Plus tôt dans la journée, un tribunal d'Istanbul avait condamné les deux intellectuels à des peines de prison, dix ans et demi pour Ahmet Altan et près de neuf ans pour Nazli Ilicak, mais ordonné leur remise en liberté sous contrôle judiciaire en raison du temps déjà passé derrière les barreaux.
Le tribunal d'Istanbul a par ailleurs acquitté le même jour le frère d'Ahmet Altan, le romancier Mehmet Altan. Il avait été remis en liberté l'an dernier après avoir été également condamné à la prison à vie en lien avec la tentative de putsch, et la Cour de cassation avait demandé à ce qu'il soit innocenté. Agé de 66 ans, Mehmet Altan est l'auteur de plusieurs ouvrages sur la politique. Il avait été arrêté en septembre 2016 avec son frère Ahmet.
Des accusations "grotesques"
Ahmet Altan et Nazli Ilicak avaient été condamnés en 2018 à la prison à perpétuité pour participation au putsch, mais cette décision avait été cassée en juillet 2019. La cour avait estimé qu'ils n'auraient pas dû être jugés pour tentative de putsch, mais pour avoir aidé un "groupe terroriste", chef d'accusation passible d'une peine inférieure.
Au terme du nouveau procès qui s'est conclu lundi, les deux intellectuels ont ainsi été reconnus coupables d'avoir aidé une "organisation terroriste", expression désignant le mouvement d'un prédicateur islamique, Fethullah Gülen, qu'Ankara accuse d'avoir ourdi la tentative de coup d'Etat.
Les deux écrivains étaient notamment accusés d'avoir envoyé des "messages subliminaux" lors d'une émission retransmise en direct sur une chaîne pro-Gülen à la veille du putsch manqué, un élément qui a ensuite disparu de l'acte d'accusation. Ahmet Altan et Nazli Ilicak, des intellectuels respectés en Turquie, ont toujours nié toute implication dans la tentative de coup d'Etat, rejetant des accusations "grotesques".

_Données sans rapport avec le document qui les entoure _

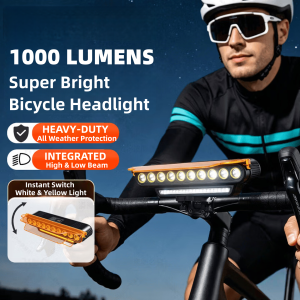Bike Front Light 1000 Lumens Waterproof 4000mAh Bicycle Headlight Wireless Remote Multi Light Modes Rechargeable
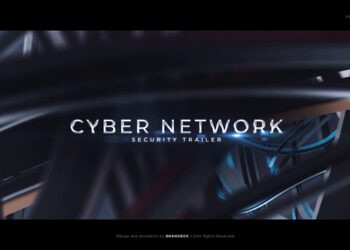 VideoHive Cyber Network Security Trailer 46557172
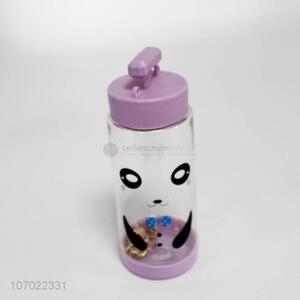 Cartoon Design Plastic Water Bottle Portable Sport Bottle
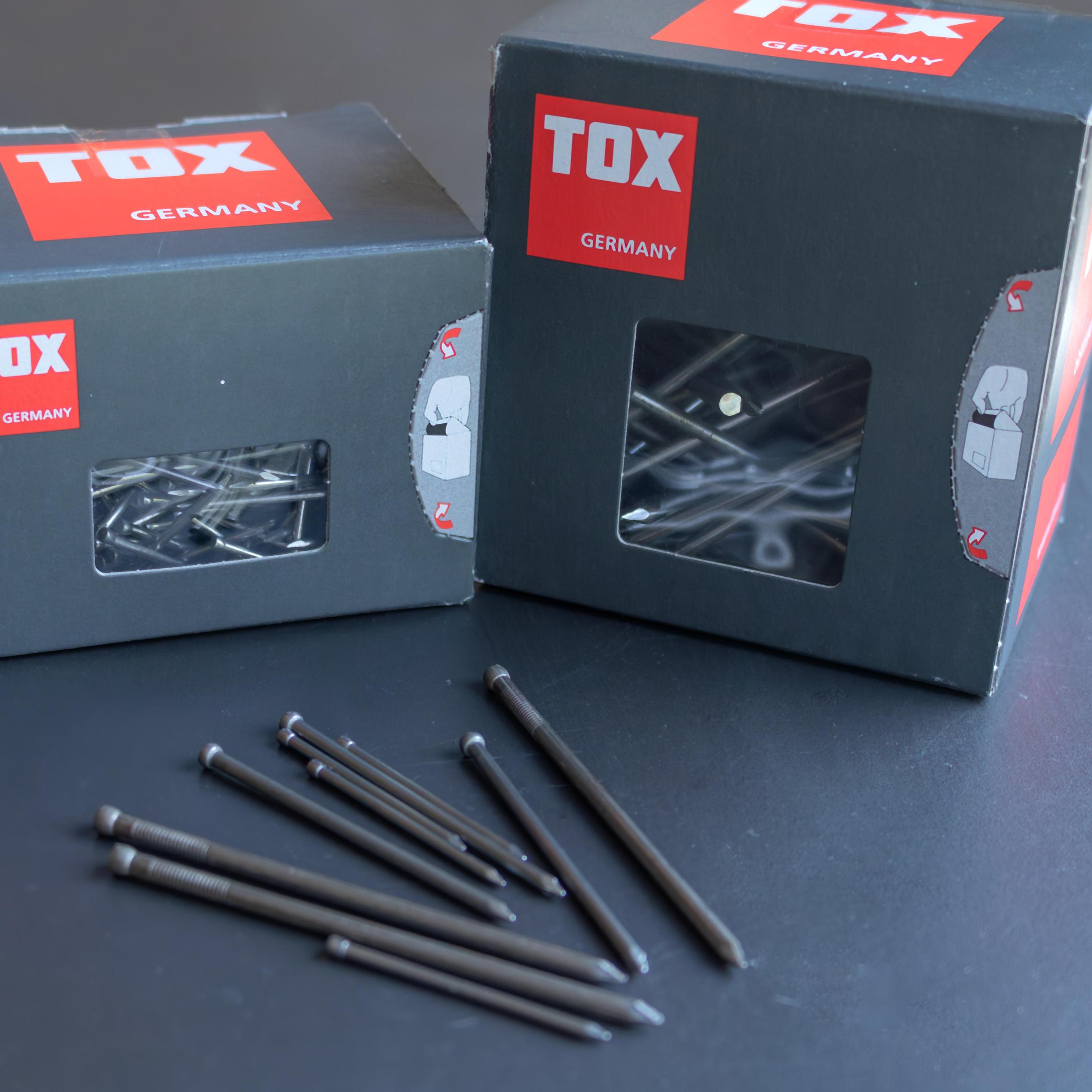 Thumbnail - Tox, Nägel, Nails 2,2x45 mm (400g) Drahtstifte, blank mit Stauchkopf (DIN 1152) (45 mm)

Pour les ONG, l'affaire Altan-Ilicak est emblématique de la détérioration des droits humains en Turquie après le putsch manqué en juillet 2016 contre le président Recep Tayyip Erdogan, qui a lancé des purges massives ayant frappé de plein fouet médias et milieux intellectuels.
"Pas une seule preuve"
A peine relâché, Ahmet Altan s'est attablé sous les néons déversant une lumière blafarde de la cafétaria de la station-service pour se lancer dans une conversation à bâtons rompus avec ses proches venus l'accueillir, en sirotant un thé brûlant, selon un photographe de l'AFP.
"Depuis le début, il n'y a rien. Il n'y a pas une seule preuve. Comment un tel crime serait possible et pourquoi voudrait-on que je commette une telle chose ?", a-t-il déclaré aux journalistes présents. Il a toutefois estimé que les années passées en prison n'avaient "pas été perdues. J'ai travaillé en prison, j'ai écrit des livres", a-t-il dit.
La Turquie, où plusieurs médias ont été fermés et journalistes arrêtés depuis 2016, figure à la 157e place sur 180 au classement 2019 de la liberté de la presse de l'ONG Reporters sans frontières.